October 18, 2007

Fedora - not that one - provides platform for interoperability

Author: Mayank Sharma

There's a wealth of information stored in online collaborative services like YouTube, Flickr, and Wikipedia, but are these Web 2.0 services built to facilitate sharing their content across their individual boundaries? A group of academicians at Cornell University argue that this new wave of applications should be constructed with interoperability in mind. The result of their research, funded by DARPA and NSF, is Fedora, the Flexible Extensible Digital Object Repository Architecture. The project was recently awarded a $4.9M grant by the Gordon and Betty Moore Foundation to expand the functionality of its software platform.

As per the proposal document, "the overall outcome for the Fedora Commons proposal is to enable the organizational and technical frameworks necessary for sustainable open source software to support revolutionary change in how scientists, scholars, and educators produce and share their intellectual outputs, and ensure the integrity and longevity of information."

If this is the first time you're hearing of this Fedora software, it's probably because of its specialized nature. Fedora is used by various educational and cultural institutions around the world, including the Topaz/PLoS ONE open access journal system, the National Science Digital Library (NSDL), Max Planck Society's e-scholarship system, the Chicago Historical Society's multimedia encyclopedia, the Australian national institutional repository initiative (ARROW), Oxford University's digital archive, and the Perseus humanities computing project. The project has also conducted six Fedora User Conferences over the past two years in the US, Europe, and Australia.

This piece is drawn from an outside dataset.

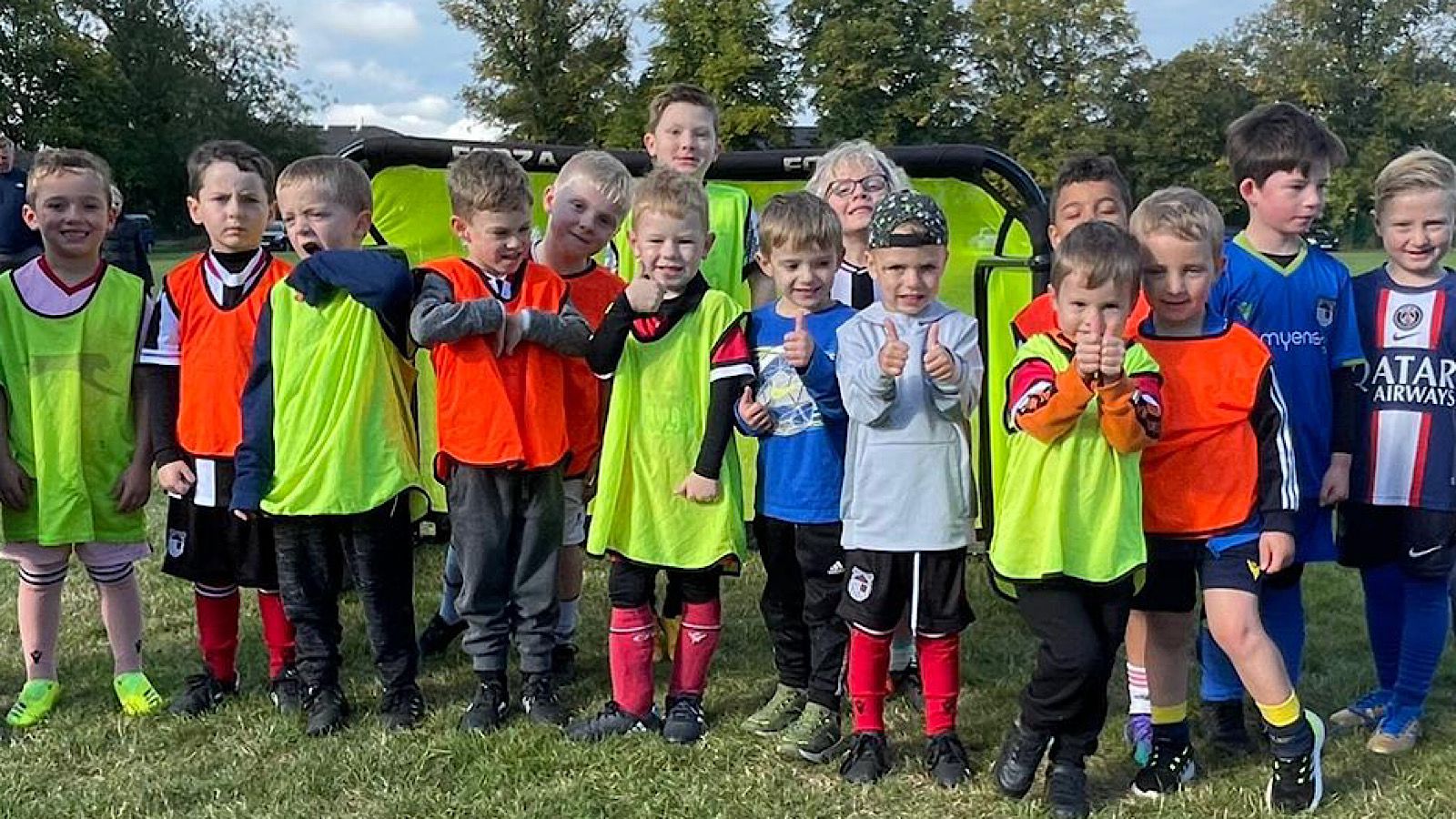 A group of children in sports attire stand on grass, with several wearing orange and green vests, posing for a photo. Trees and a portable sports net are visible in the background.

So what exactly is a digital repository?

According to the project's proposal to the foundation, the goal of the project was to devise new information architectures to facilitate interoperable access and management of increasingly complex and heterogeneous digital collections. Without referring to specific projects, the same document says that with each new project devising its own idiosyncratic solution for dealing with digital material, the possible future was an unmanageable set of stovepipe systems that would inhibit interconnection of information and endanger the long-term welfare of digital resources. Thus, a primary goal of the initial Fedora architecture was to design a uniform "digital object" model that could represent the full variety of digital content, and a generalized repository model for consistent access to and management of content.

"I would hesitate to call Fedora a 'digital library solution' per se," says Carl Lagoze, senior research associate at Cornell's Computing and Information Science department and a member of the Fedora-Commons board that develops Fedora. "More appropriately, I would call it a service-oriented architecture that combines content management, semantic knowledge management, and Web services integration. It is used as a foundation for digital library applications, but also for other Web 2.0 applications."

As per Peter Murray, assistant director of new service development at OhioLINK, library management systems like Koha and Evergreen focus on physical objects -- the purchase, cataloging, discovery, and loaning of books, DVDs, and magazines. To understand where Fedora comes into the picture, Murray says that one has to understand that the front end interface of specialized systems like YouTube and Flickr is closely bundled with the back end content repository. One cannot store pictures in YouTube and videos in Flickr. "In the academic world, this is similar to the DSpaceInstitutional Repository software," Murray says.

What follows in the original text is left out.